哲学的黄金十年,维特根斯坦等四位哲人都有什么故事?
《魔术师时代:哲学的黄金十年,1919-1929》
内容简介
20 世纪 20 年代,一个处在多彩生活与经济危机之间的年代,一个一战刚刚结束、纳粹主义正在酝酿的年代,一个德国哲学的黄金年代。
马丁·海德格尔的事业平步青云,并邂逅了与汉娜·阿伦特的爱情。跌跌撞撞的瓦尔特·本雅明在卡普里岛疯狂迷恋上了一个来自拉脱维亚的无政府主义者,也正是这 段爱恋使他自己成为了一名革命者。天才维特根斯坦是亿万富翁之子,他在剑桥被誉为哲学的上帝,而这样的天之骄子却来到了上奥地利州偏远地区担任乡村小学教师,过着完全赤贫的生活。最后还有恩斯特·卡西尔,他在迁居到汉堡中产阶级区的几年前,亲身经历了正在抬头的反犹主义。
本书除梳理了海德格尔、本雅明、维特根斯坦和卡西尔在1919-1929年间的各异的日常生活、情感经历和思想状况,还力求将四位哲人的思想予以对观,展现了他们在面临时代根本问题时各自的回答和应对方式。借助作者出色的叙述,我们在这四位卓越哲学家的生活道路和革命性思想中,看到了当今世界的根源。回望 20 世纪 20 年代,既是感悟又是警醒。
作者简介
沃尔夫拉姆• 艾伦伯格(Wolfram Eilenberger),德国作家、哲学家,曾在海德堡、柏林与芬兰的图尔库学习哲学、心理学和罗曼语族学,曾任教于加拿大多伦多大学、美国印第安纳大学和柏林艺术大学。 2019 年 9 月即将赴苏黎世联邦理工学院继续执教。他是《哲学杂志》创始 编辑,《时代周报》专栏作家,作品被翻译成二十多种语言,是全球最畅销的哲学家和作家之一。此外,他还在瑞士电视台主持《哲学的伟大时刻》节目。
书籍摘录
第一章 序言 魔术师(节选)
1929 年 6 月 18 日,英国剑桥。“别担心,我知道你们永远也无法明白我在说些什么。”随着答辩人话音落下,哲学历史上最特别的一次博士论文答辩会划上句号。参加这次答辩会的准博士是一个 40 岁的奥地利人,他曾是亿万富翁,在答辩会之前的十年时间里主要从事乡村小学教师的工作。

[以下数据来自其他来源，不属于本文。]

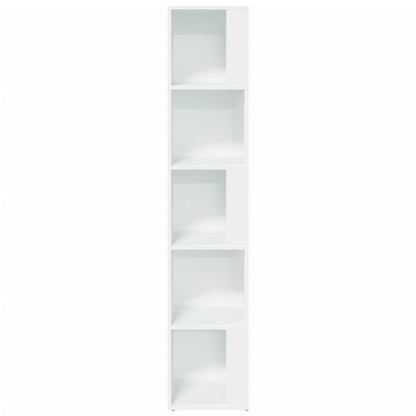 Hoekkast 33x33x164,5 cm spaanplaat wit 33 x 33 x 164.5 cm Wit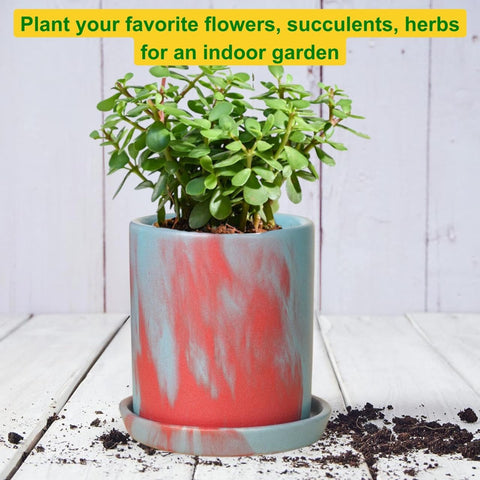 ecofynd Elegant Glow – Premium Ceramic Plant Pot with Timeless Charm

主持评审本次博士答辩会的是英国著名哲学家伯特兰· 罗素和乔治· 爱德华· 摩尔。答辩人名叫路德维希· 维特根斯坦。维特根斯坦这回并不是初到剑桥,事实上,在 1911 年至一战爆发前夕,他作为罗素的学生就曾在剑桥学习。在一战前的这段学习期间,他由于拥有出类拔萃的天赋以及特立独行的性格,很快就成为了当时同学们的崇拜对象。 1929 年初,维特根斯坦多年后重返剑桥。在返回英国的第一天,他就在火车上偶遇了当时世界上最重要的经济学家约翰· 梅纳德· 凯恩斯。“唔,上帝到了。我今天在五点一刻的火车上碰到他了。”凯恩斯在一封落款日期为 1929 年 1月 18 日的信中这样写道。维特根斯坦的老朋友、也是他以前的老师摩尔,当时也在这趟从伦敦开往剑桥的火车上。学术圈内几个大人物碰巧同时在这趟火车上,使得这趟火车充满了剑桥式的浓厚的学术氛围。然而,人们也不用把车厢内的气氛想象得过于热烈,因为维特根斯坦并不惯于与他人寒暄或是发自内心地拥抱。相反,这位来自维也纳的天才容易突然暴怒;此外,他还特别记仇。就算只是随口说出的一个词,或仅仅是一句打趣的政治言论,都足以让他恼怒多年,甚至不惜与他人绝交——比如他就多次宣布和凯恩斯还有摩尔绝交。不过,无论如何,上帝回来了!这是件多么令人欣喜的事。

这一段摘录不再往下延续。